İnsanların; helal mallarından, kendi istek ve arzuları ile, kendilerini belli bir zamanda mahrum etmeleri gerçekten çok değişik bir imtihan tarzıdır.
Yine, kendi kazançlarından belli bir miktarı, ihtiyaç sahiplerine zekat-sadaka namı ile vermeleri de çok zor bir imtihandır.
Ve hayatın değişik şartlarında başa gelen her türlü musibete karşı sabır da bir başka imtihan şeklidir.
Şimdi bakıyoruz. Şu bir aylık imtihanı kimler kazandı:
Hayatına belli bir istikamet vermek niyeti ile Ramazana hazırlanıp güzelce orucunu tutanlar, ama her türlü azasıyla oruç tutanlar.
Gecelerini kahve köşelerinde değil de ibadet mahallerinde, dost meclislerinde veya ailesiyle masumane bir şekilde eğlenerek geçirenler.
Deposundaki miadı dolmuş erzaktan kurtulmak niyetiyle değil de, en yeni ve güzelleriyle ve gerçek ihtiyaç sahiplerinin tespiti ile erzak paketleri hazırlayıp medyadan uzak ayni yardım yapan esnaflar.
Yine gerçek ihtiyaç sahiplerini tespit etmek suretiyle, en yakınından başlayarak; zekat-sadaka-fitre ve fidye (oruç tutamayacaklar için) lerini ihlasla, gösterişten uzak, karşısındakinden bir menfaat beklemeksizin verenler.
Ve yine medayaya ilan ve reklam vermeden gerçek ihtiyaç sahiplerini araştırıp bularak, onların da şu mübarek günde farklı bir zeminde Allah’ın nimetlerinden istifadesini sağlamak niyeti ile iftar verenler.

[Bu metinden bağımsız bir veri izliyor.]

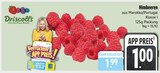Himbeeren im E xpress Prospekt Himbeeren von Driscoll's im aktuellen E xpress Prospekt für 1,00 €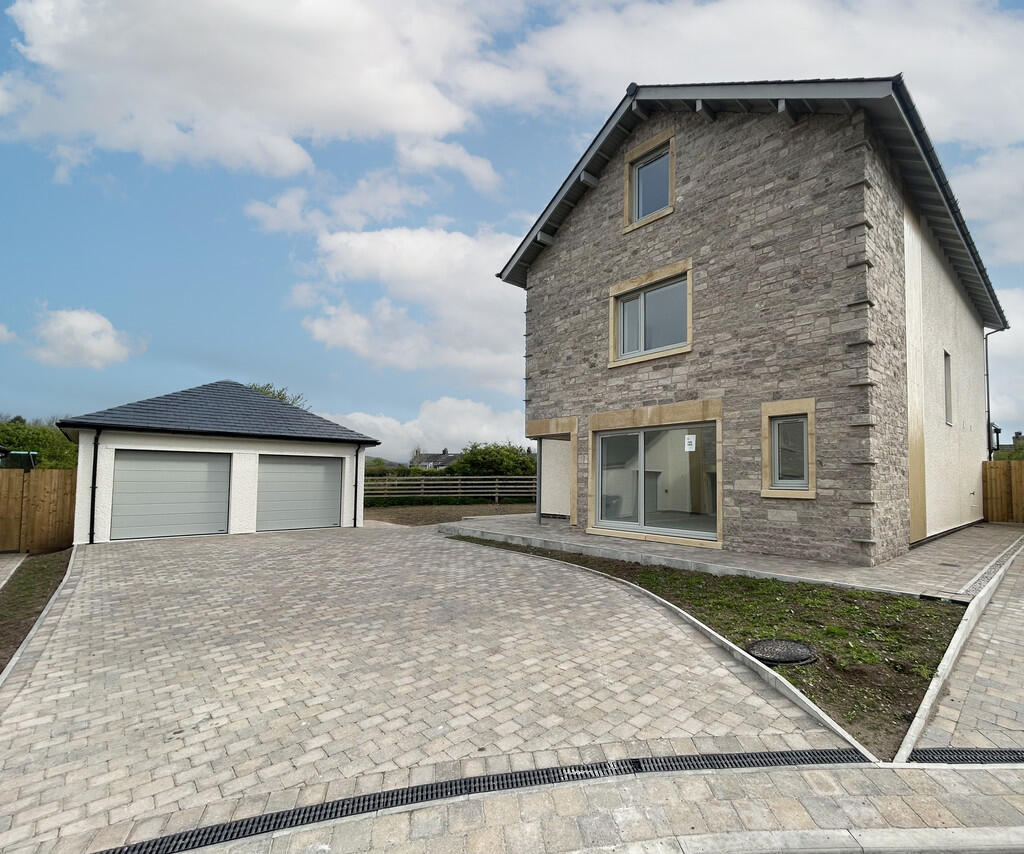 5-bed detached on Bridgefield Meadows, Lindal, Ulverston, £660,000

Bu satırları uzatmak mümkün, ama burada esas olan kişinin vicdanıdır. Yani bir insan yaptığı amelin Allah rızası için olup olmadığını bir nefsine sorsun, bir de vicdanına. Vicdanına uygun geliyorsa tamam.

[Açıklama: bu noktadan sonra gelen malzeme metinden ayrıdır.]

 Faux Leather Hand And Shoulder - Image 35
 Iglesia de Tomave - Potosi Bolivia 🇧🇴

Evet yukarıda özetle ifade etmeye çalıştığımız guruba girenler Bayrama yüz akı ile çıkmışlardır. Onlar imtihanı kazanmışlardır.
Bir de bana göre işin bir başka boyutu daha var. ‘’21. asırda Yozgat dediğimiz ve içinde yaşadımız şu küçük ilimizde gerçek manada Bayrama nasıl ulaşırız?’’
Benim öyle dünya düzenini yeniden tesis edecek projelerim yok! Ama insan olarak bir şehirde yaşıyorum. Buradaki bir insanın neye ihtiyacı varsa dünyanın öbür ucundakinin de aynı şeye ihtiyacı vardır.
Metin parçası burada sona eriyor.